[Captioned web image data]
◇ ◇ ◇ ◇ ◇ ◇ ◇

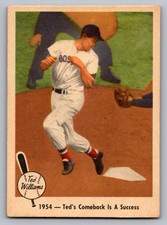1959 Fleer Ted Williams Baseball Cards 20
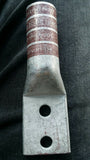 1 Burndy YA34-2TC38 Compression Lug, 2Hole 3/8", Long Barrel, 500MCM Skbawa-b501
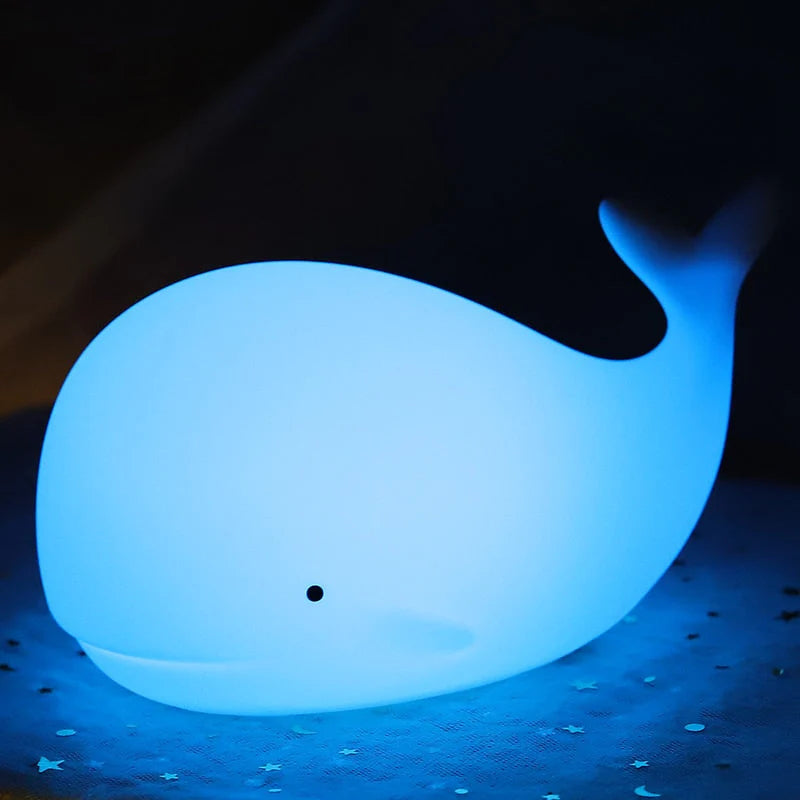 Schattig Walvis Nachtlampje met Kleurverandering - GlowWhale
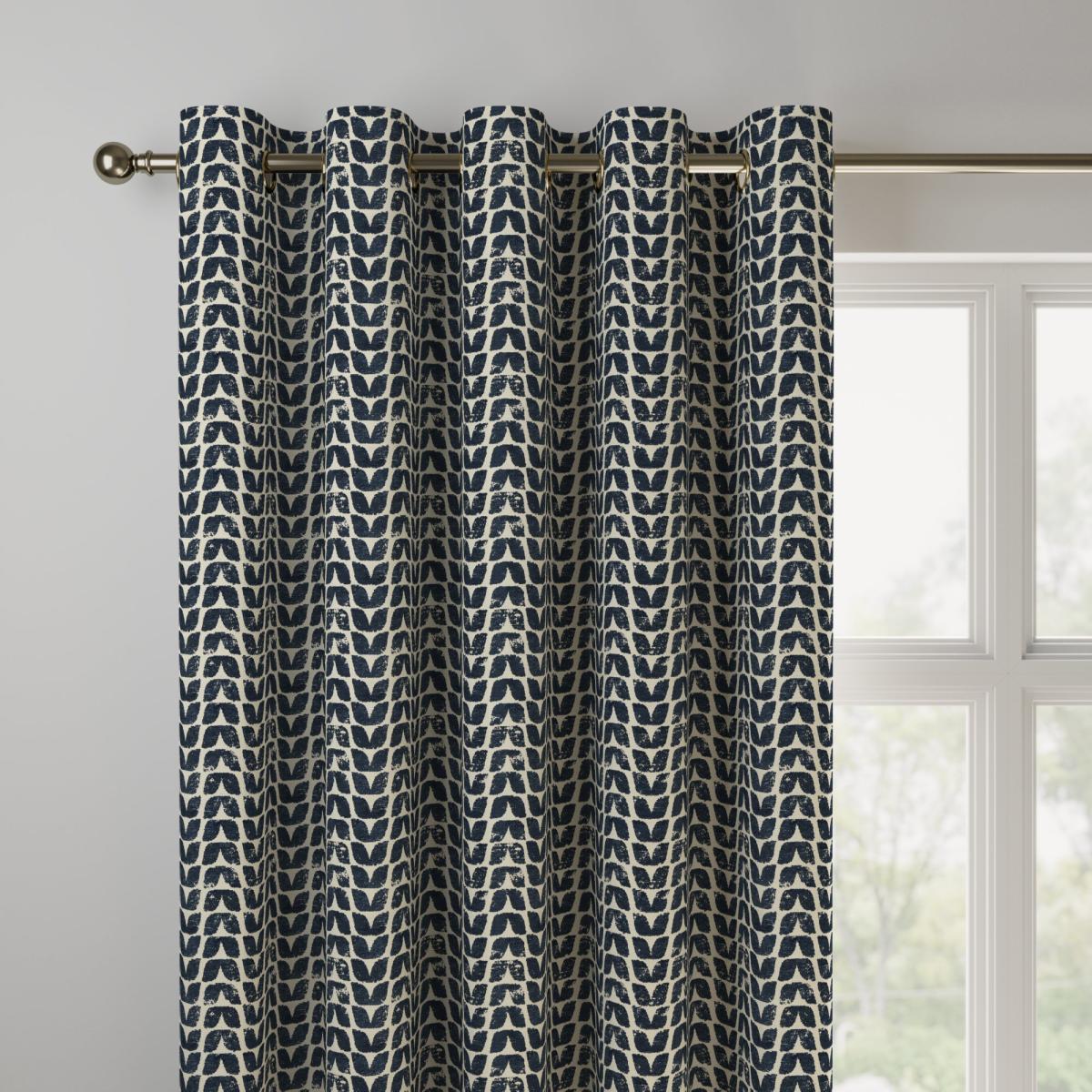 Ava Made to Measure Curtains Ava Indigo – image 2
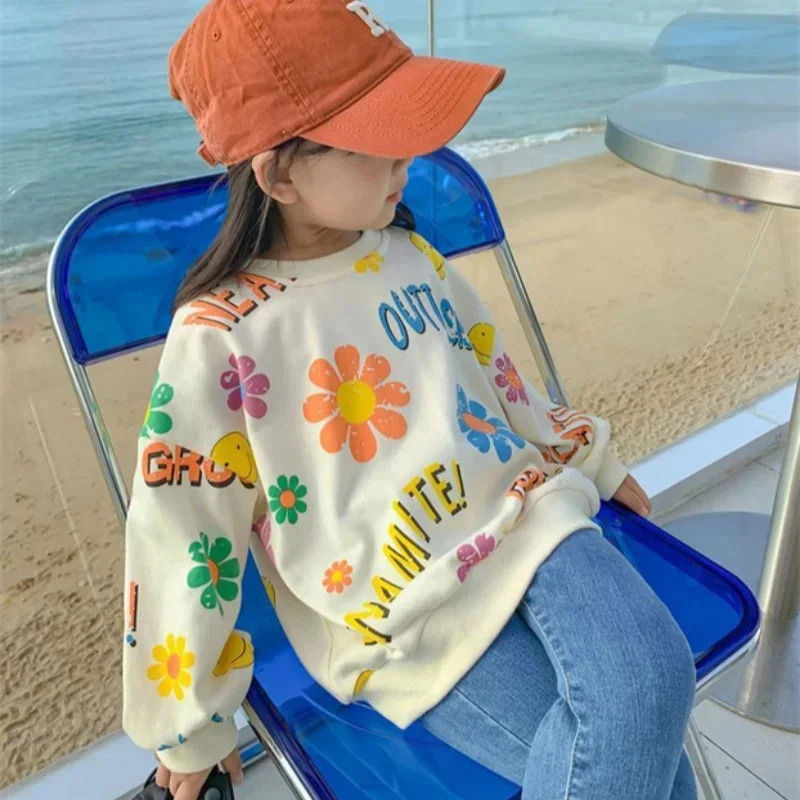 Hoodies Sweatshirts Girls Cotton Tops Overcoat Outwear 2025 Cheap Spring Autumn Windproof Kids Christmas Gift Children's Clothin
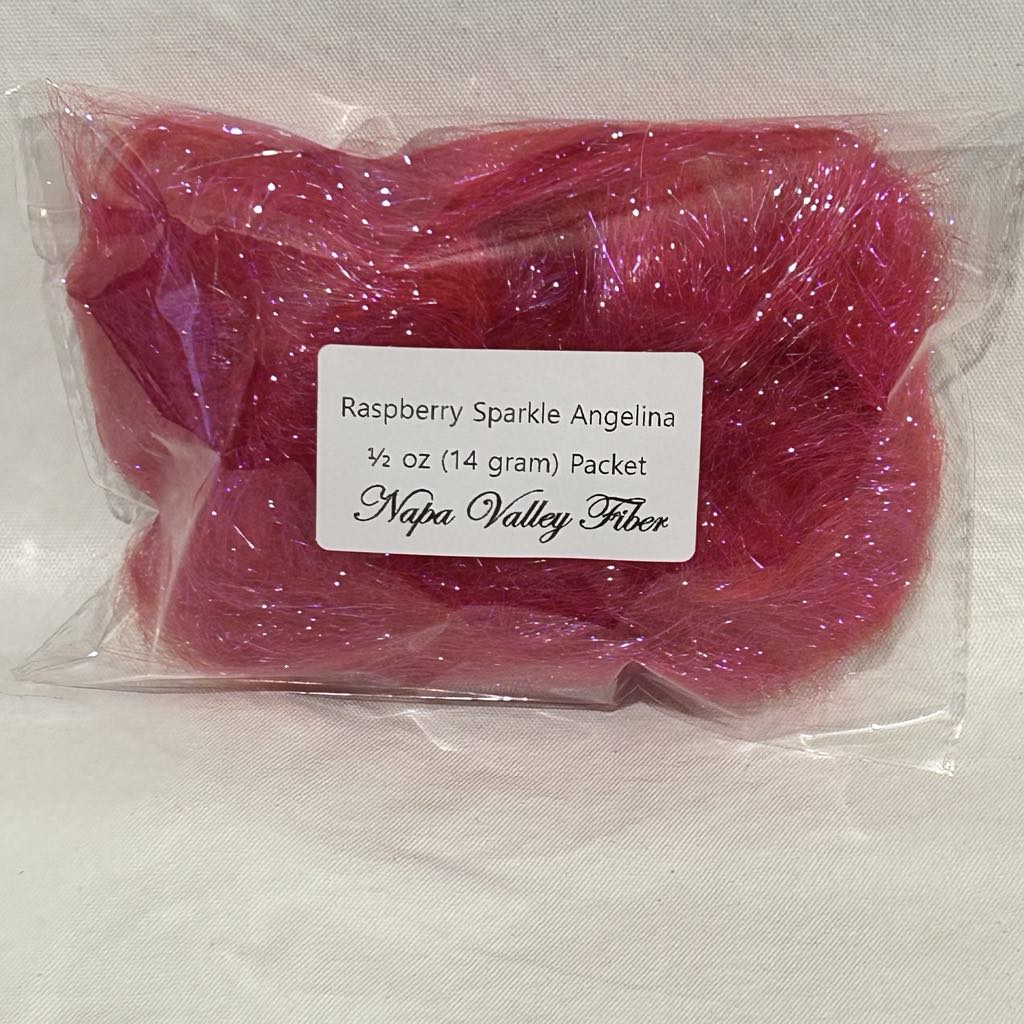 Raspberry Sparkle Angelina Flash Sparkling Blending Fiber,  ½ oz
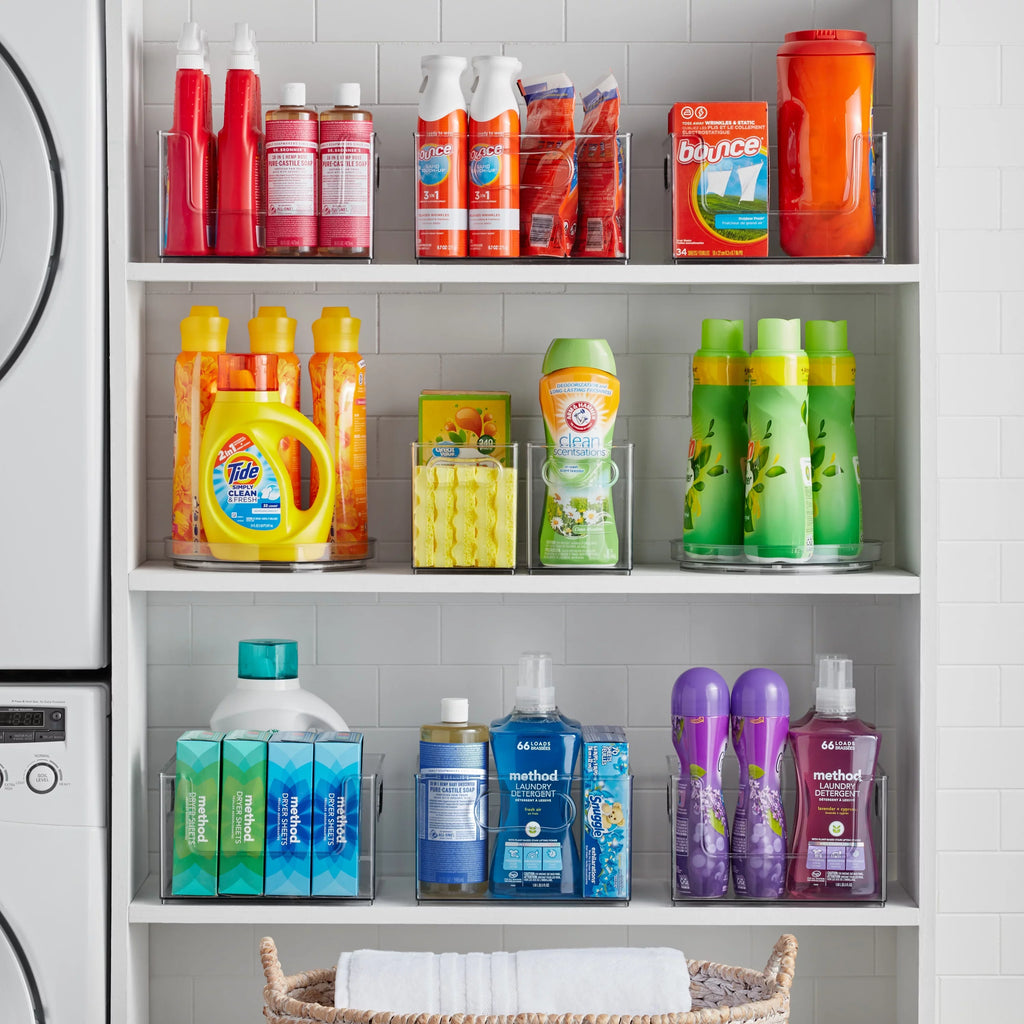 The Home Edit 10 Piece Laundry Edit, Clear Plastic Modular Storage System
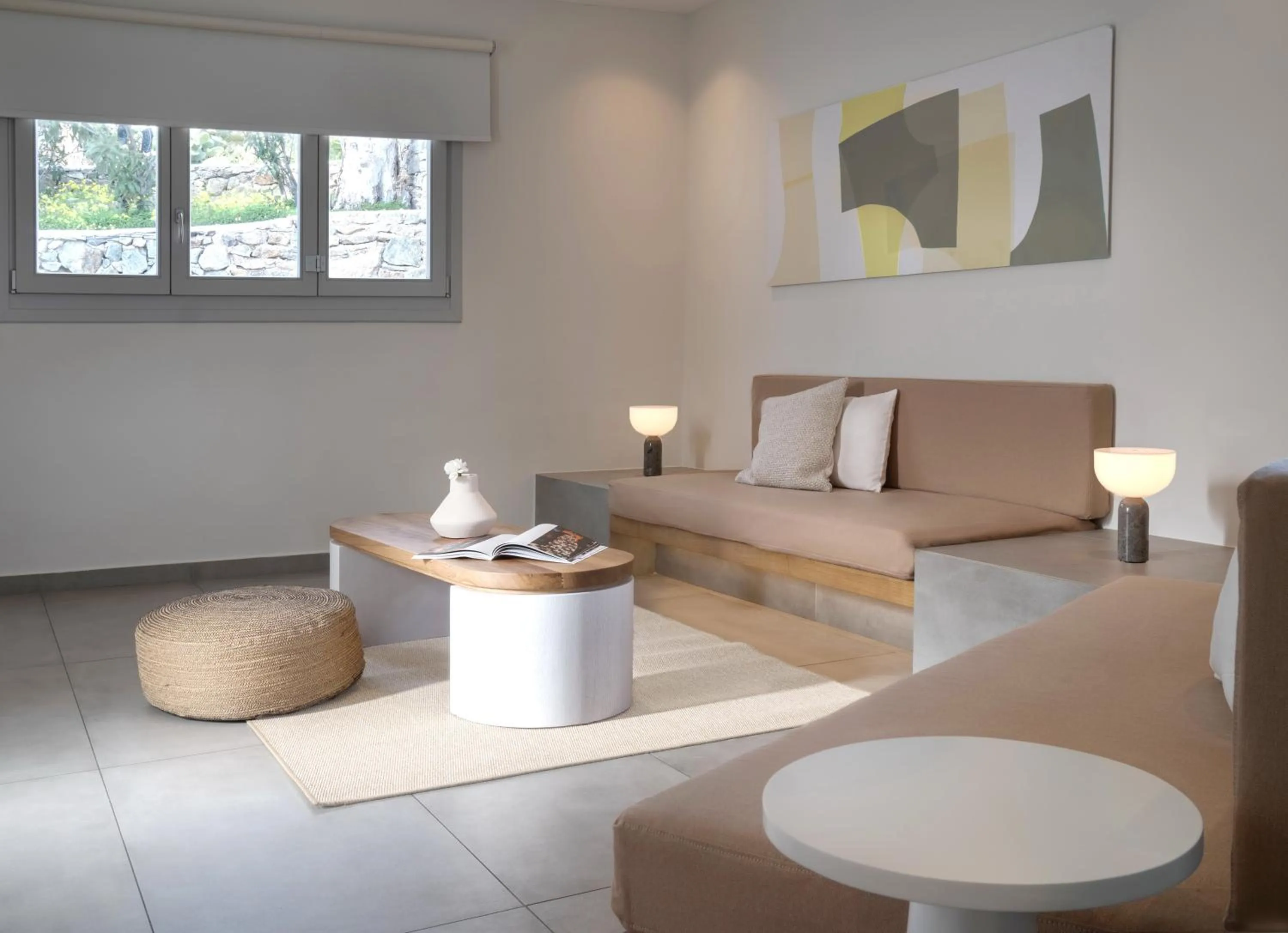 Seating area in Andronikos Hotel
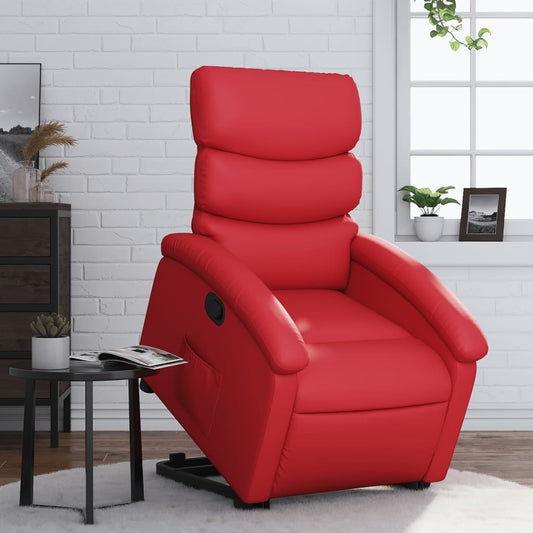 Sta-op-stoel kunstleer rood is nu te koop bij PeponiXL, paradijselijk wonen!
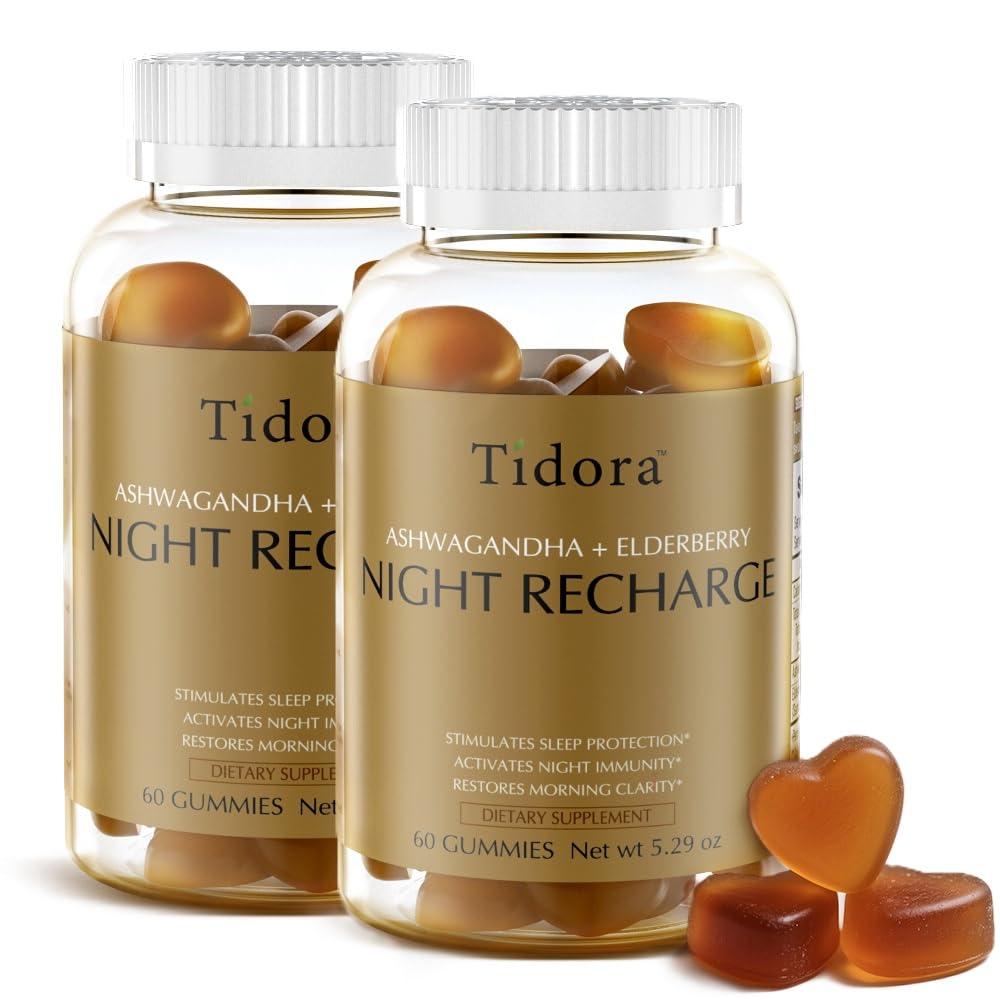 Tídora Nighttime Hydration Natural Sleep Gummies 60 Count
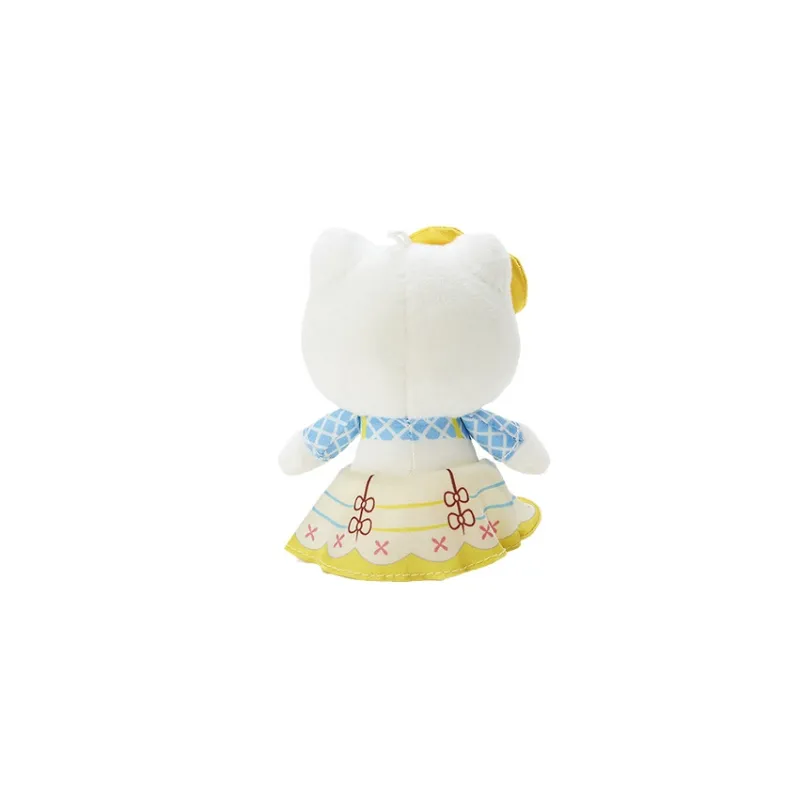 Sanrio Rainbow Land Hello Kitty Rainbow Paradise Hello Kitty Dolls Plush Pendant 12cm Height-1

◇ ◇ ◇ ◇ ◇ ◇ ◇

Every line above from the one with "Raspberry Sparkle Angelina" down to the one with "Tídora Nighttime Hydration" must be written out exactly, and no picture may appear.

 Raspberry Sparkle Angelina Flash Sparkling Blending Fiber,  ½ oz
 The Home Edit 10 Piece Laundry Edit, Clear Plastic Modular Storage System
 Seating area in Andronikos Hotel
 Sta-op-stoel kunstleer rood is nu te koop bij PeponiXL, paradijselijk wonen!
 Tídora Nighttime Hydration Natural Sleep Gummies 60 Count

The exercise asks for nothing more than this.